*Scraped caption text data*.
○ ○ ○ ○ ○

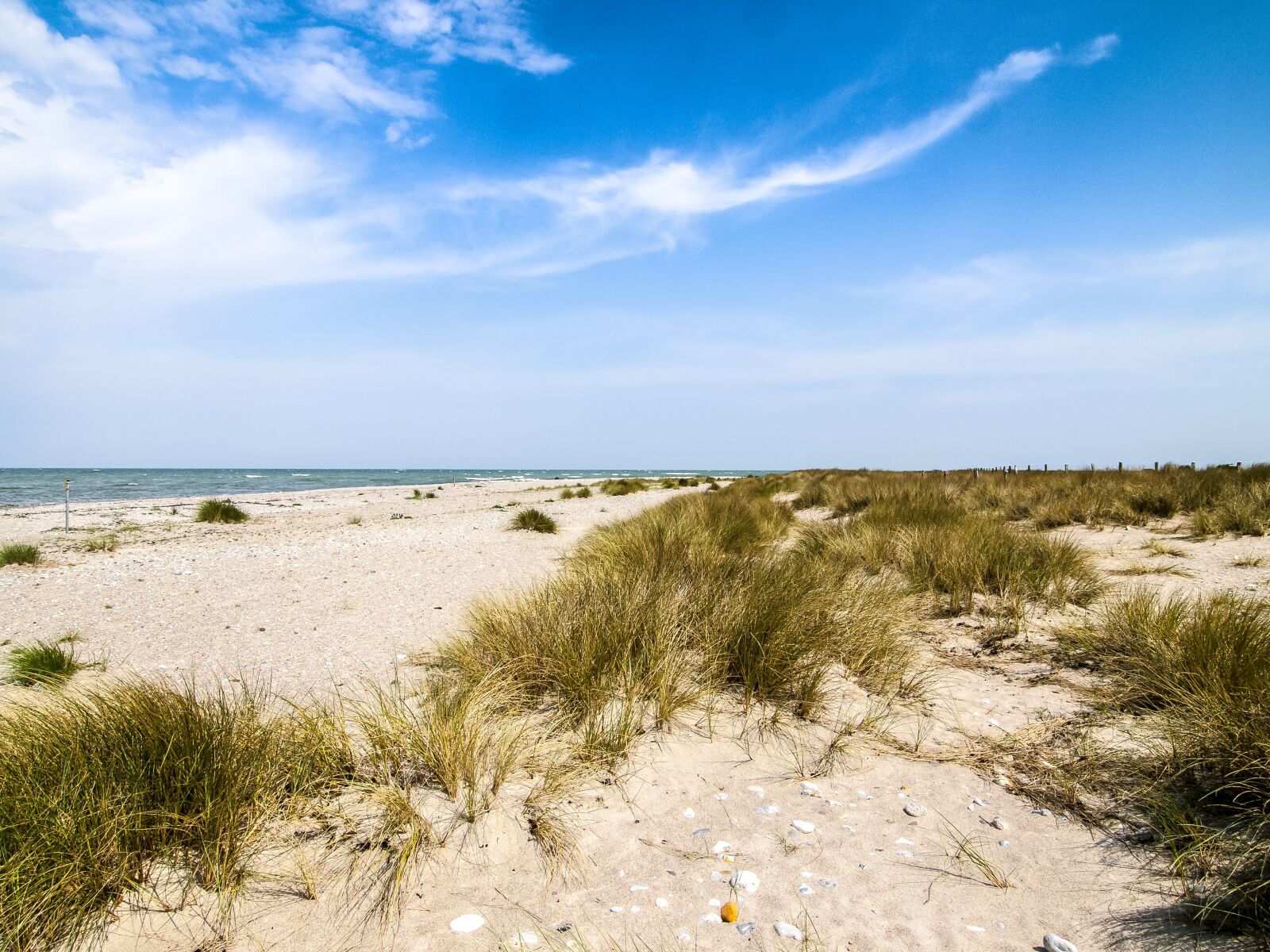 Olympus E-3 sample photo. Landscape, nature, baltic sea photography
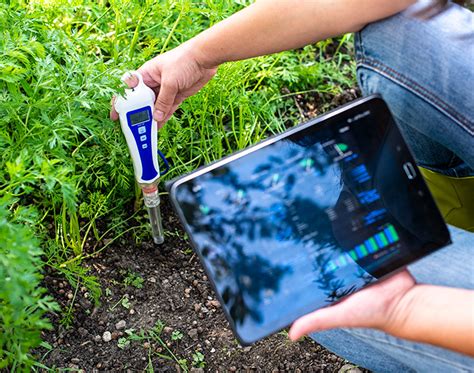 Controlul Gradului De Fertilitate I Analizele De Sol Agrimasat Ro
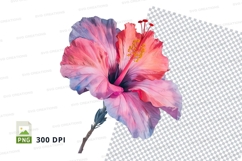 Vibrant hibiscus flower clipart png Product Image 1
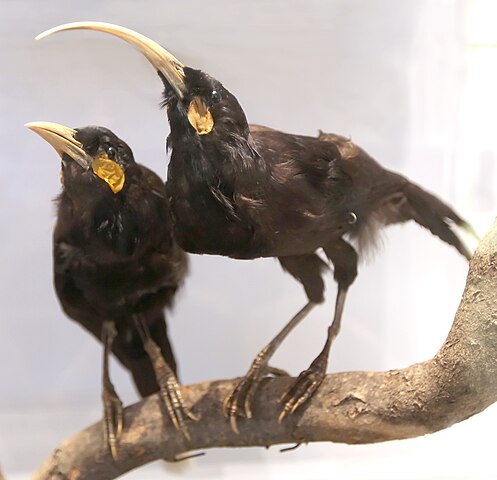 Huia pair (Heteralocha acutirostris)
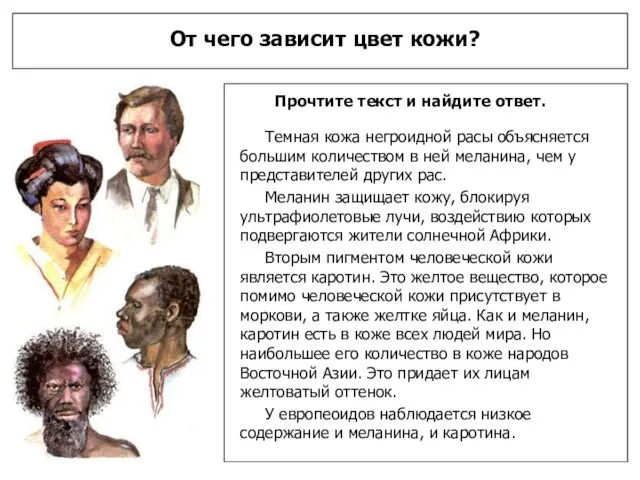 От чего зависит цвет кожи? Прочтите текст и найдите ответ. Темная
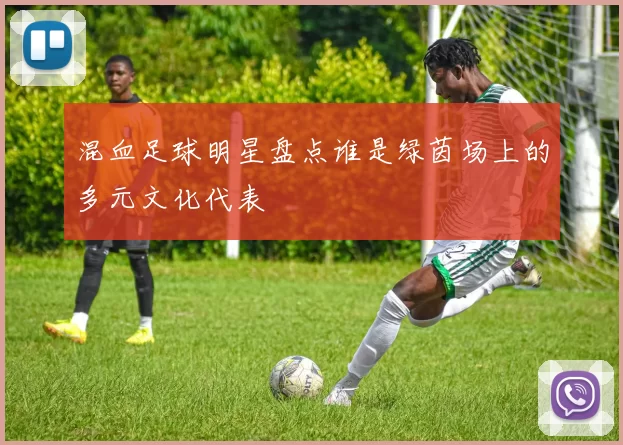 混血足球明星盘点谁是绿茵场上的多元文化代表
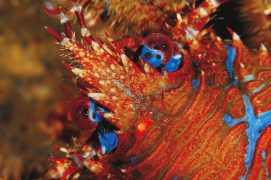Galathée: Le galathée bigarré ne montre guère sa superbe parure bleu et rouge car il fuit la lumière comme la peste. Nécrophage, il vit sous les rochers de la zone des laminaires, ces algues rubanées qui frangent la limite des marées de basses eaux. Cousin des crabes, il s’en distingue par son rostre et sa nageoire abdominale qui lui permet de fuir à reculons, façon écrevisse. / © Christian König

○ ○ ○ ○ ○

*AIM OF THE TASK*. Would you copy out all the data exactly, without the images?

*TASK RESULT*.
 Olympus E-3 sample photo. Landscape, nature, baltic sea photography
 Controlul Gradului De Fertilitate I Analizele De Sol Agrimasat Ro
 Vibrant hibiscus flower clipart png Product Image 1
 Huia pair (Heteralocha acutirostris)
 От чего зависит цвет кожи? Прочтите текст и найдите ответ. Темная
 混血足球明星盘点谁是绿茵场上的多元文化代表
Galathée: Le galathée bigarré ne montre guère sa superbe parure bleu et rouge car il fuit la lumière comme la peste. Nécrophage, il vit sous les rochers de la zone des laminaires, ces algues rubanées qui frangent la limite des marées de basses eaux. Cousin des crabes, il s’en distingue par son rostre et sa nageoire abdominale qui lui permet de fuir à reculons, façon écrevisse. / © Christian König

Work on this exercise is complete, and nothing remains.